ING, Belfius, BNP Paribas Fortis and CBC have declined to participate, either partially or completely, in funding rounds for seven towns — Liege, Charleroi, Mons, Ath, Namur, La Louvière and Verviers — according to local press.
The southern, francophone Walloon region has struggled to raise €356 million for towns over the course of this year, financial newspaper L’Echo reported. ING agreed to provide a €82 million loan while insisting that it maintained no exposure to the seven above-mentioned towns.
State-owned Belfius was called in by the region to “fill the holes” but it too has had cold feet, according to the report: while around €30 million will be provided to keep Ath, Namur, La Louvière and Verviers afloat, Belfius has refused to put up any money for Liege, Charleroi and Mons, which together need around €200 million.
The dire financial straits of Liege and Charleroi, which have for decades suffered post-industrial decline linked to the collapse of traditional coal and steel industries, were said to be behind this decision.
As for Mons, a town near the French border, the reason is political. According to an unnamed source quoted by the newspaper, Belfius justified its refusal to support Mons by the fact that the Belgian Workers’ Party (PTB), which is inspired by the writings of Karl Marx, has entered into the local government in a coalition with Belgium’s francophone Socialist party and the Greens following elections gains in October. “This was an exclusive condition of Belfius, no funding for Mons with the arrival of the PTB in the new municipal majority”, the source is quoted as saying. “It is understandable that a bank like Belfius does not trust a college composed of the PTB,” said another.
Belfius is reported to be heavily exposed to Mons already.
“We cannot comment on individual or specific cases,” Belfius spokeswoman Ulrike Pommee told Brussels Signal.
“However,” she continued, “it is important to emphasise that all credit applications are always evaluated according to the same objective financial, economic, and exposure criteria, based on a rigorous risk framework that serves as a reference for each decision.”
This is not the first time that Belgium’s financial sector has taken fright at the rise of the Workers’ Party.

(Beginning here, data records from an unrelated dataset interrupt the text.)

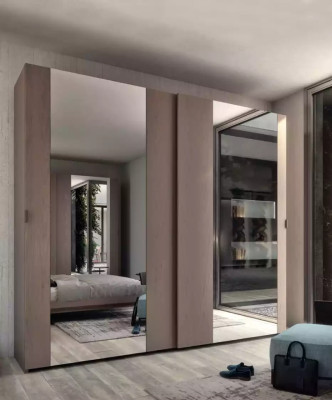 Armadio Design di lusso Camera da letto Armadi Abiti Legno Armadio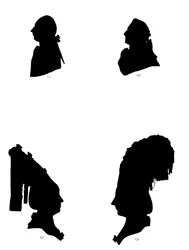 Een studie van vier silhouetten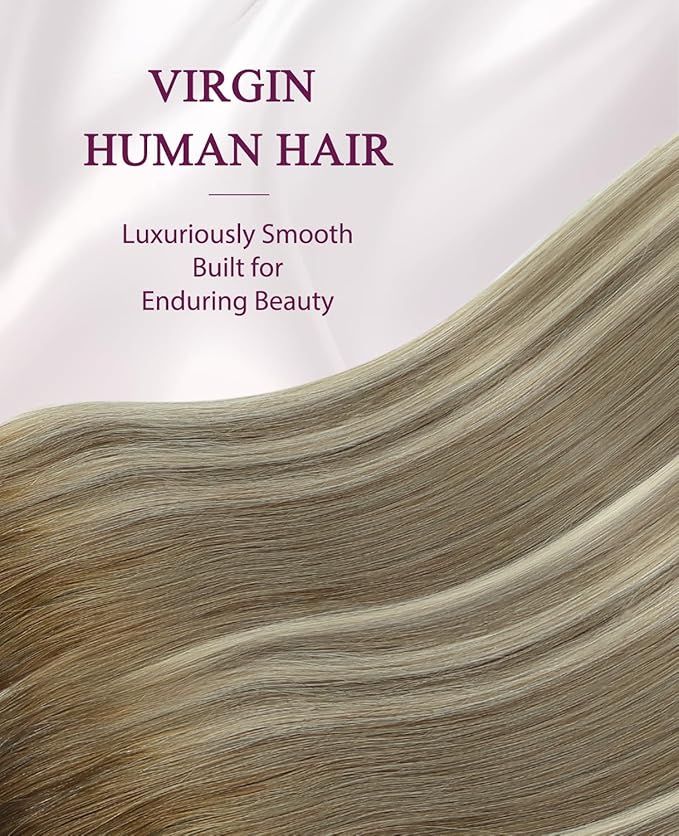 Pinkpearl Invisible Tape in Hair Extensions Human Hair, 20pcs 22inch 60g #3/8/22 Balayage Walnut Brown to Ash Brown and Golden Blonde Injection Tape in Extensions Real Remy Human Hair Injected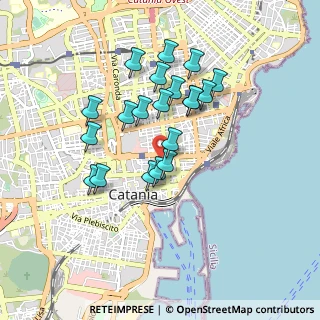 Mappa 95131 Catania CT, Italia (0.8715)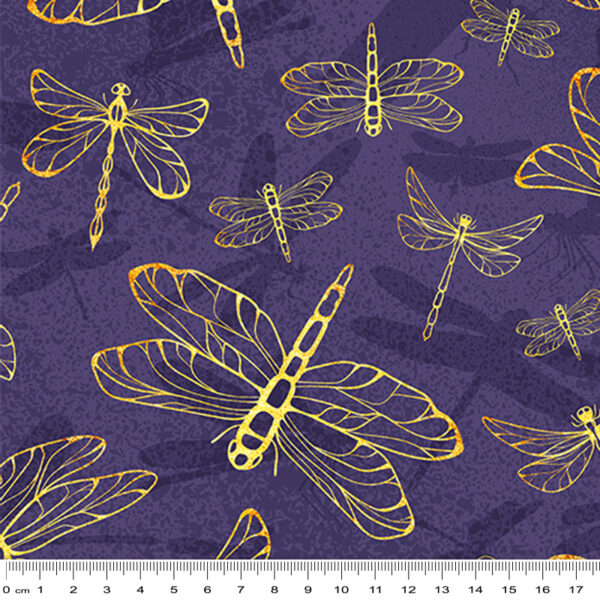 I Luminous Purple Dainty Dragonflies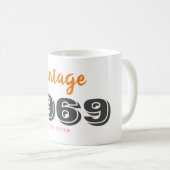 ヴィンテージ1969限定版 コーヒーマグカップ (正面右)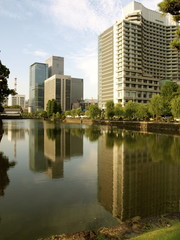 Fototapeta na wymiar Buildings of Tokyo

In 2022 there were concerns that the Workers’ Party would become Wallonia’s largest, thereby entering the regional government, an eventuality that banks said would damage the sustainability of the region’s already sky-high debts.

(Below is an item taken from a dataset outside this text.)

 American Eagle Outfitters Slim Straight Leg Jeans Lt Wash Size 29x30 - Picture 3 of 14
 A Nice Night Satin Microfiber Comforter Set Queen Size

The PTB did well in the October elections, scoring above 20 per cent in towns in Wallonia, Brussels and Flanders. It is one of Belgium’s only national, bilingual parties, and while its traditional base is in the south, it is also progressing in the Dutch-speaking north, in particular in the industrial city of Antwerp.
The party, which has also joined ruling coalitions in at least two local Brussels governments, explains on its homepage that it focuses on “people first, not profits”.
It describes itself as a “flexible, worker-oriented party, grounded in Marxist principles and aiming for socialism”.